In his presentation, Mr. Goldstein discussed the framework for developing and implementing an LPO provider, which can be summed up in three ideals:

  1. Value: How will LPO add value to the client’s organization (efficiency, savings, innovation, etc.)?
  2. Peace of Mind: How is this safe, compliant with regulatory requirements, privacy concerns, etc.? 
  3. Quality: How can we deliver and ensure a quality product or service? Without these three drivers, your LPO operation is worthless. 

Fear of Change

Whether out of a fear of change, the unknown, or competition, large, U.S. law firms (Big Law) were the most resistant to LPO before the ABA gave its stamp of approval in 2008. I imagine they still are.

Why India?

Pangea3 outsources to India because, among other things, the Indian legal system is based on common law. Therefore, the Indian attorneys and employees approach legal issues and problems the same way U.S.- and British-trained lawyers do. The Indian code of legal ethics is also very similar, particularly with regards to confidentiality. In addition, India has approximately 1 million lawyers, with 100,000 in Mumbai (Pangea3’s Indian HQ). By outsourcing to India, Pangea3 is able to overcome scalability and quality problems because of the sheer number and quality of lawyers. According to Mr. Goldstein, some of India’s top law grads line-up to work for Pangea3. I also believe India’s relative political stability and strong tech infrastructure make India the ideal choice for an LPO.

Mumbai, India

Keeping Secrets

In addition to the benefits of the Indian view on client confidentiality, Pangea3 also protects its clients with non-disclosure agreements. If GE is the client, employees of Pangea3 would sign an NDA in a jurisdiction favorable to GE. In addition, Pangea3 builds a very strong culture of confidentiality. From U.S. management to employees in Mumbai, Pangea3 values confidentiality and inculcates this value throughout the organization.

The Future of LPO

Finally, I asked a question to Mr. Goldstein: What kind of work is best-suited for LPO? His response, in short: Doc review. No surprise there. Following up, I suggested that TAR  and intelligent discovery methods would be consuming a lot of this work, to which he replied that he agreed. But, he thought (and I am paraphrasing), that before software eats LPO, the combination of LPO and tech will eat up the traditional doc review methods and jobs here in the States. Maybe not the best news for a third year law student like me, but a reality that, if embraced, could provide great opportunity.

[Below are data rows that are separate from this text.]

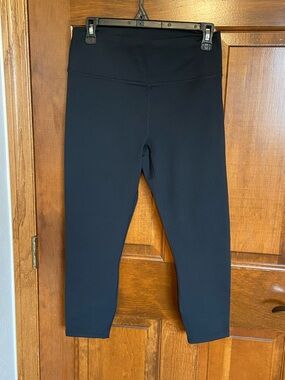 Fabletics Power Hold High Waisted Capri Black Leggings NEW Gym Yoga Size Large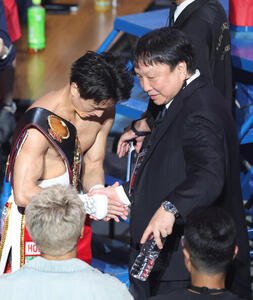 ウィルフレド･メンデスにTKO勝利し、WBAミニマム級新王者となり大橋秀行会長(右)と握手を交わす石井武志(撮影･河田真司)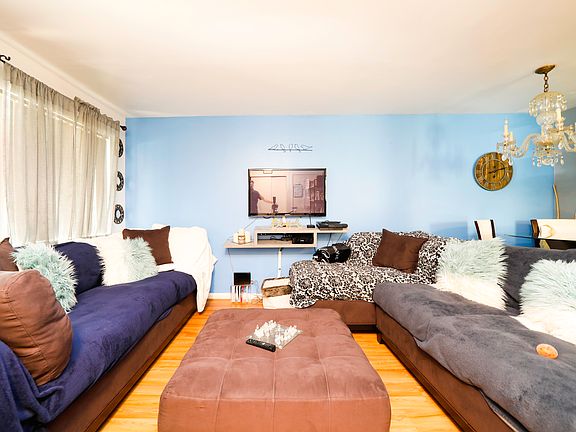 3rd image of 2466 Delanoy Ave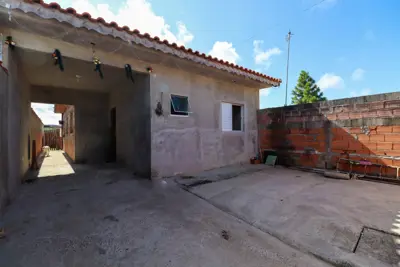 Casa - Térrea com 2 dormitórios (sendo 1 suite(s)) a 1,90 metros praia.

It seems to me that the role of people, technology, collaboration, and process are the keys to a strong LPO operation. Especially people. Having the best people working for you in this business, on this and the other-side of the pond (where ever that may be), is crucial to providing the value, peace of mind, and quality that these companies must be founded on. Mr. Goldstein finally noted that Pangea3 tries to infuse legal DNA at every level of the organization. A for lawyers, by lawyers mentality. I like that.

Thank you Mr. Goldstein for speaking to the Lab. More to come . . .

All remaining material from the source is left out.